* TASK REQUIREMENTS *
Leave the pictures out and restate each entry below word for word.

--- START ---

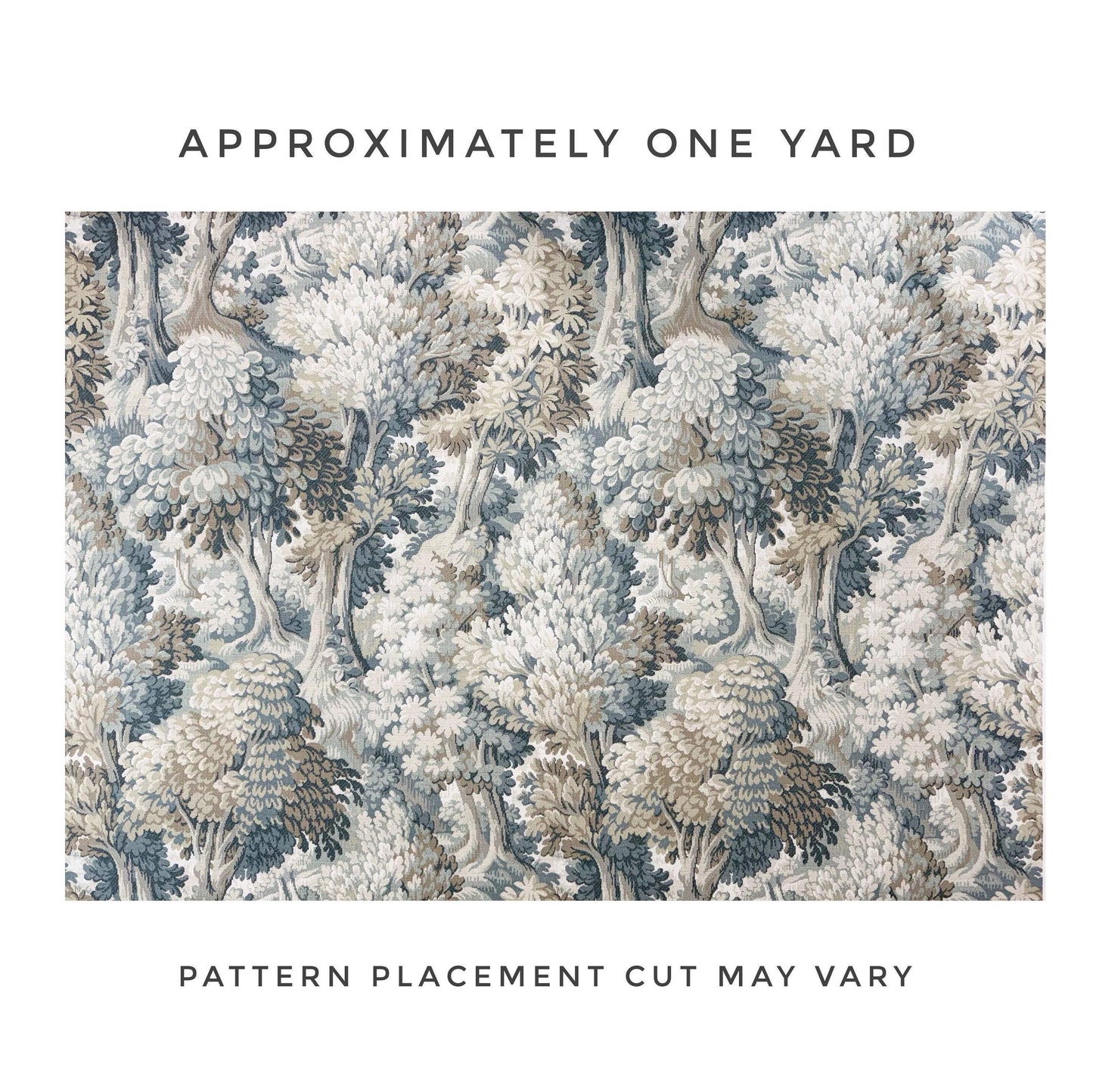 Muted Sage & Gray Tapestry Fabric for Upholstery and Curtains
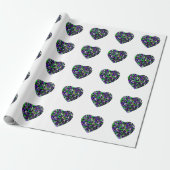 International Women's Day Heart Wrapping Paper Cadeaupapier (Uitgerold)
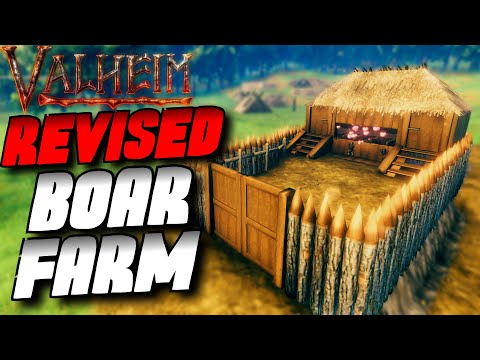 Boar Farm For UNLIMITED Production | Works In Hearth and Home! | Valheim Guide *Read Description*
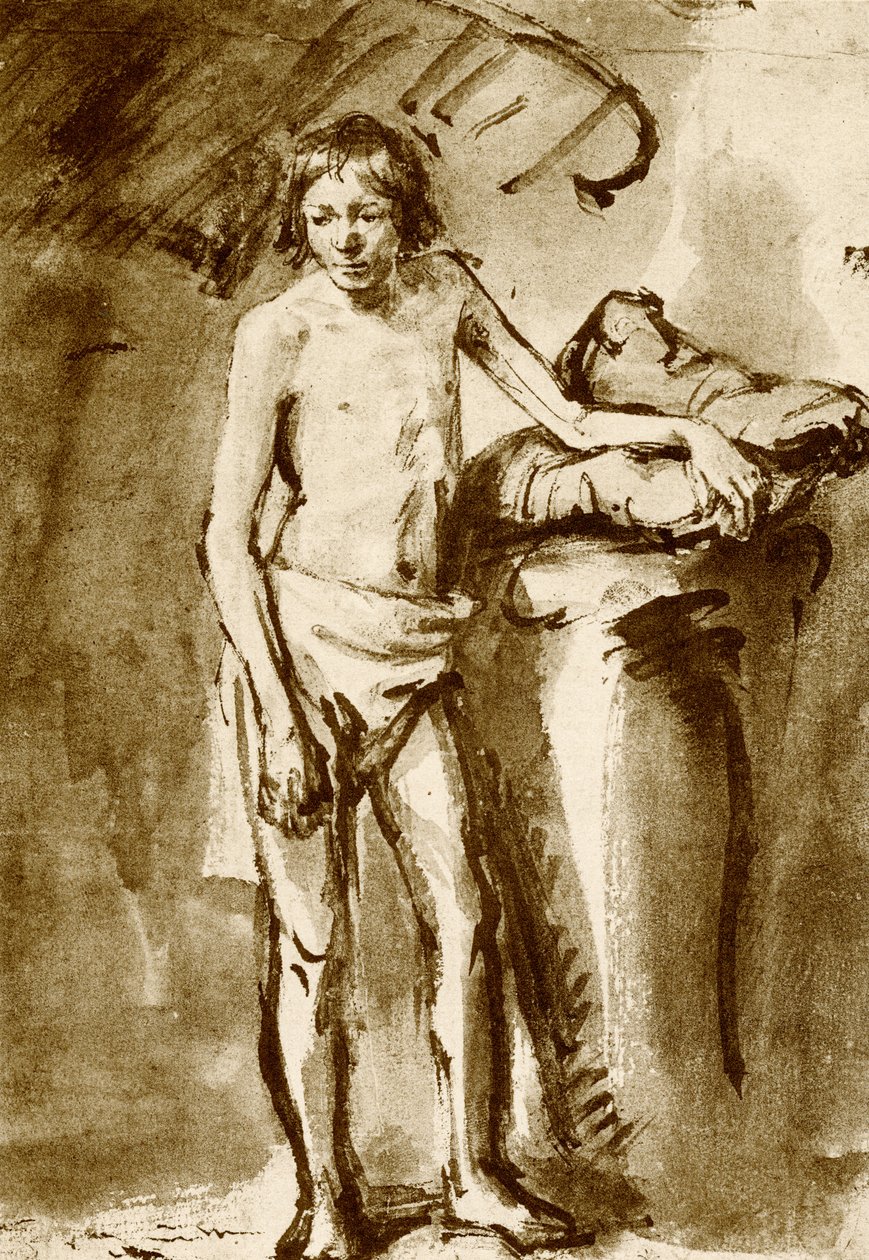 Nude Drawing for a Youth by Rembrandt van Rijn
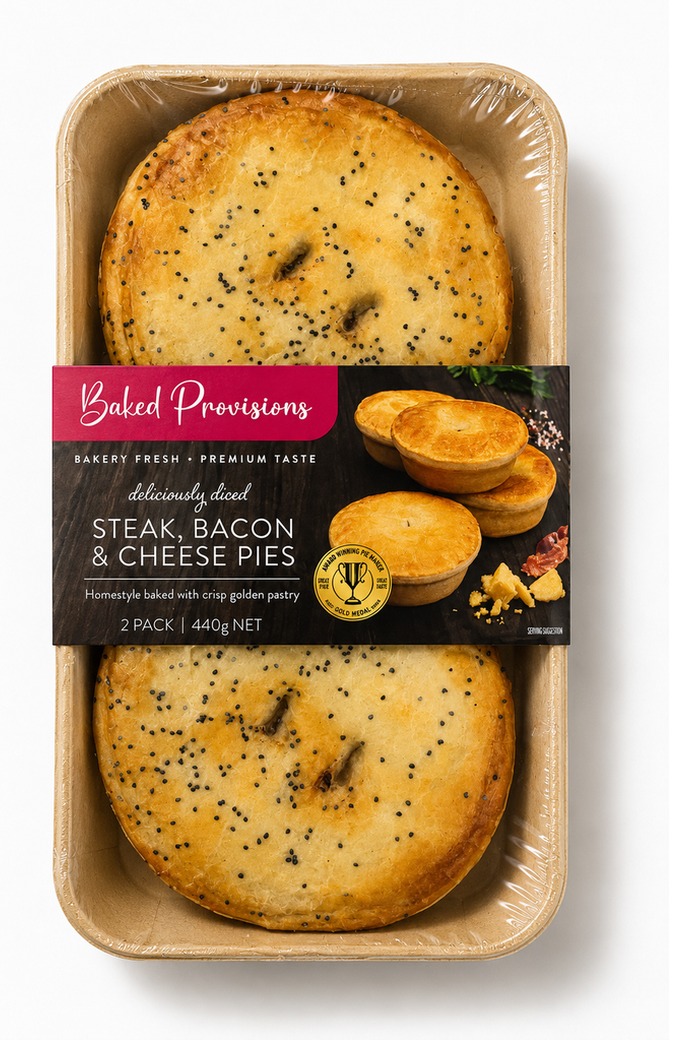 Steak, Bacon & Cheese Pie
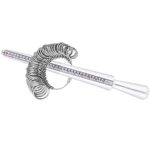 Baguier Mesureur Mesure de Taille de Doigt avec Mandrin à Bague EU UK US JP Calibreur Fiançailles Mariage Guide d’Achats 2023 Test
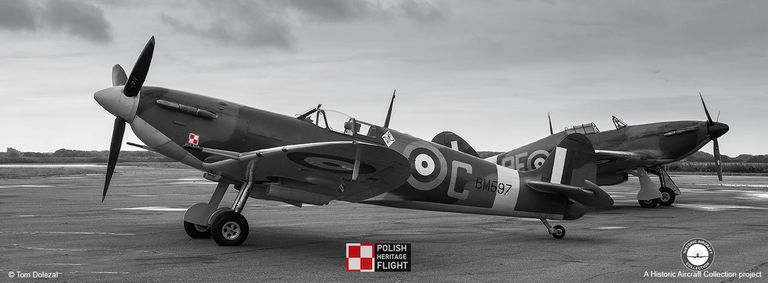 Supermarine Spitfire Hawker Hurricane RAF Battle of Britain Polish Air Force 303 Squadron Duxford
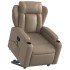 Sillón reclinable masaje pie cuero artificial color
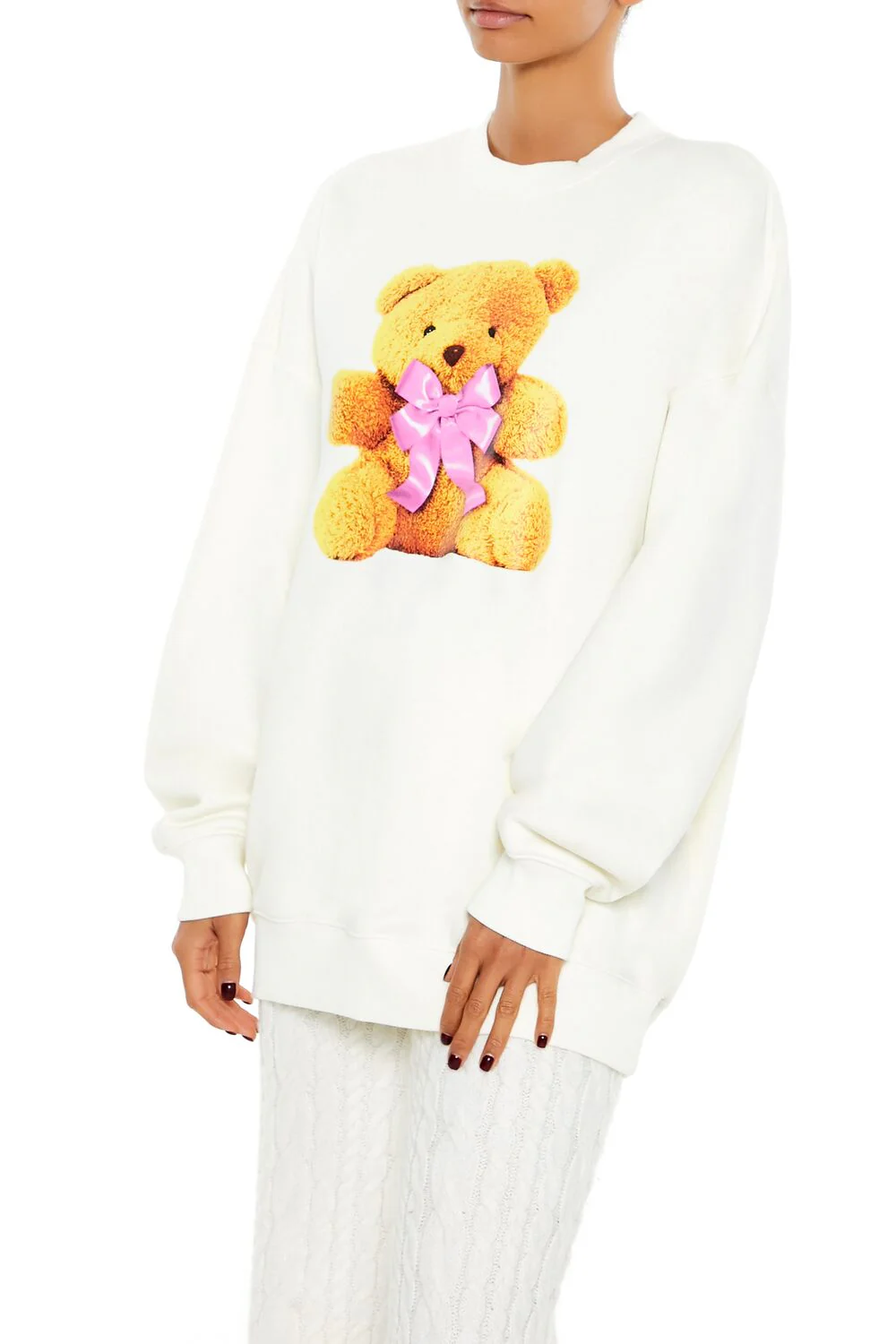 Teddy Bear Graphic Pullover - Image 4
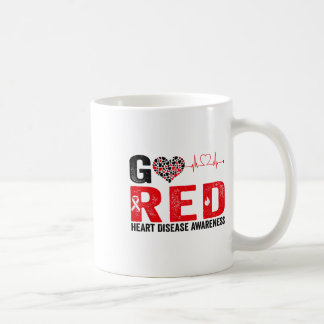 Caneca De Café Visto Dia Vermelho Vermelho Em Fevereiro Doença Ca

--- END ---

* RESPONSE AREA *
 Muted Sage & Gray Tapestry Fabric for Upholstery and Curtains
 International Women's Day Heart Wrapping Paper Cadeaupapier (Uitgerold)
 Boar Farm For UNLIMITED Production | Works In Hearth and Home! | Valheim Guide *Read Description*
 Nude Drawing for a Youth by Rembrandt van Rijn
 Steak, Bacon & Cheese Pie
 Baguier Mesureur Mesure de Taille de Doigt avec Mandrin à Bague EU UK US JP Calibreur Fiançailles Mariage Guide d’Achats 2023 Test
 Supermarine Spitfire Hawker Hurricane RAF Battle of Britain Polish Air Force 303 Squadron Duxford
 Sillón reclinable masaje pie cuero artificial color
 Teddy Bear Graphic Pullover - Image 4
 Caneca De Café Visto Dia Vermelho Vermelho Em Fevereiro Doença Ca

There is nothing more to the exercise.